Les répercussions diplomatiques de Vitoria sont considérables. La nouvelle de la victoire parvient en Europe au moment où Napoléon négocie un armistice avec les Alliés en Allemagne (l'armistice de Pleiswitz). L'Autriche, qui hésitait encore à rejoindre la coalition, se décide à déclarer la guerre à la France en août 1813, formant la Sixième Coalition qui mènera à la bataille de Leipzig en octobre. Vitoria accélère ainsi l'effondrement de l'Empire napoléonien.
L'écho culturel de Vitoria est également notable.

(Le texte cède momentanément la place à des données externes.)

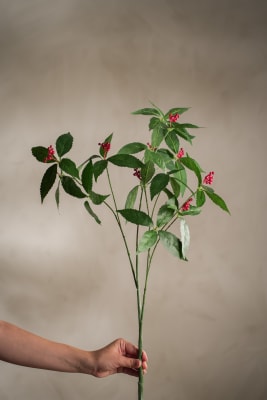 Bärkvist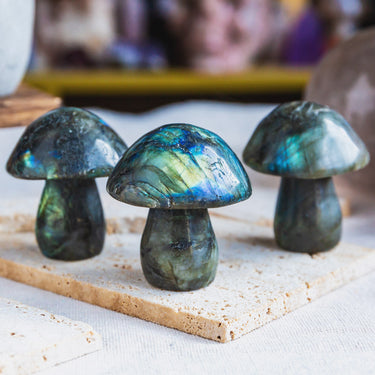 Labradorite Mushroom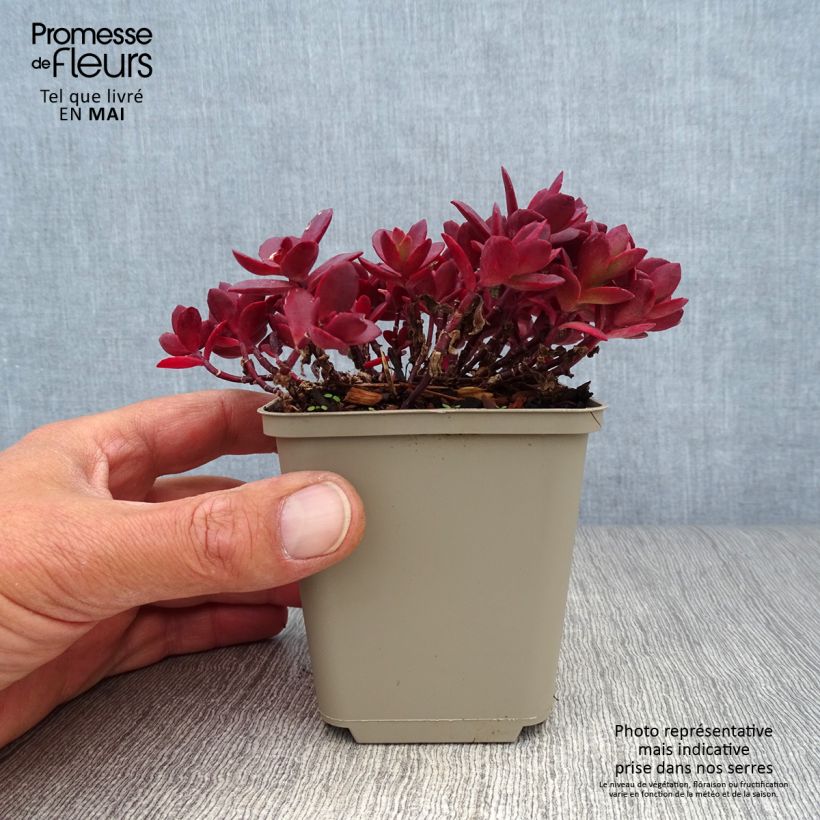 Sedum Sunsparkler Cherry Tart Maceta de 8/9 cm Ejemplar entregado en la primavera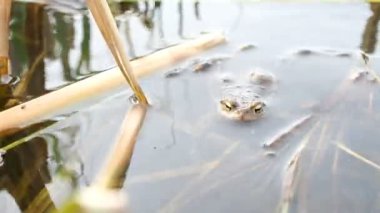Sabahları suda bir kurbağa. Sazlıklar. İlkbaharda küçük bir nehirde yükselen su seviyesi.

Beethoven compose sa "Symphonie de la bataille" (Wellington's Victory, opus 91) pour célébrer la victoire, une oeuvre qui connaît un immense succès populaire lors de sa création en décembre 1813. Le bâton de maréchal de Jourdan, capturé sur le champ de bataille, est exposé au Royal Hospital de Chelsea, où il se trouve encore aujourd'hui.
Wellington lui-même est élevé au rang de marquis après Vitoria. Sa campagne de 1813, de la frontière portugaise aux Pyrénées, est considérée comme l'une des plus brillantes opérations stratégiques des guerres napoléoniennes, combinant manoeuvre d'enveloppement, surprise et exploitation vigoureuse de la victoire.
Le saviez-vous ?
Le pillage du convoi français par les soldats alliés après Vitoria est l'un des épisodes les plus rocambolesques des guerres napoléoniennes. Les soldats britanniques découvrirent dans les bagages de Joseph Bonaparte non seulement le trésor royal espagnol (des millions de francs en or), mais aussi sa vaisselle d'argent, ses vêtements personnels et même son pot de chambre en argent massif. Des tableaux de maîtres espagnols, pillés par les Français dans les collections royales, furent retrouvés roulés dans des étuis. Wellington, furieux que ses troupes aient interrompu la poursuite pour piller, qualifia ses soldats de "lie de la terre". Le roi Ferdinand VII d'Espagne offrit ensuite les tableaux retrouvés à Wellington en remerciement, ce qui explique pourquoi Apsley House, la résidence londonienne des ducs de Wellington, possède aujourd'hui une collection exceptionnelle de peintures espagnoles.
Généraux impliqués
Batailles liées
Questions fréquentes
Pourquoi la bataille de Vitoria est-elle considérée comme la fin de la guerre d'Espagne ?
Vitoria est considérée comme la fin de la guerre d'Espagne car elle chasse définitivement Joseph Bonaparte et l'armée française de la péninsule Ibérique. La perte de 151 canons sur 153 rend l'armée française incapable de livrer une nouvelle bataille majeure en Espagne. Après Vitoria, les combats se poursuivent dans les Pyrénées puis dans le sud de la France, mais l'Espagne est libérée. Le retentissement européen de la victoire pousse l'Autriche à rejoindre la coalition contre Napoléon.
Quel rôle Joseph Bonaparte joua-t-il dans la défaite française à Vitoria ?
Joseph Bonaparte, bien que théoriquement roi d'Espagne et commandant suprême, manquait d'expérience militaire et d'autorité réelle sur les maréchaux français. À Vitoria, il commit l'erreur de déployer son armée sur un front trop large, avec un immense convoi de bagages encombrant les routes de retraite. Sa décision de transporter le trésor royal et ses biens personnels avec l'armée ralentit considérablement le repli. Le maréchal Jourdan, son chef d'état-major, ne put compenser ces faiblesses de commandement.
Quel fut l'impact diplomatique de Vitoria sur la chute de Napoléon ?
L'impact diplomatique de Vitoria fut considérable. La nouvelle de la victoire parvint en Europe au moment où l'Autriche hésitait à rejoindre la coalition contre Napoléon. Vitoria prouva que les armées françaises étaient vulnérables sur tous les fronts, pas seulement en Russie. L'Autriche déclara la guerre à la France en août 1813, formant la Sixième Coalition qui écrasa Napoléon à Leipzig en octobre. Vitoria accéléra donc directement l'effondrement de l'Empire napoléonien.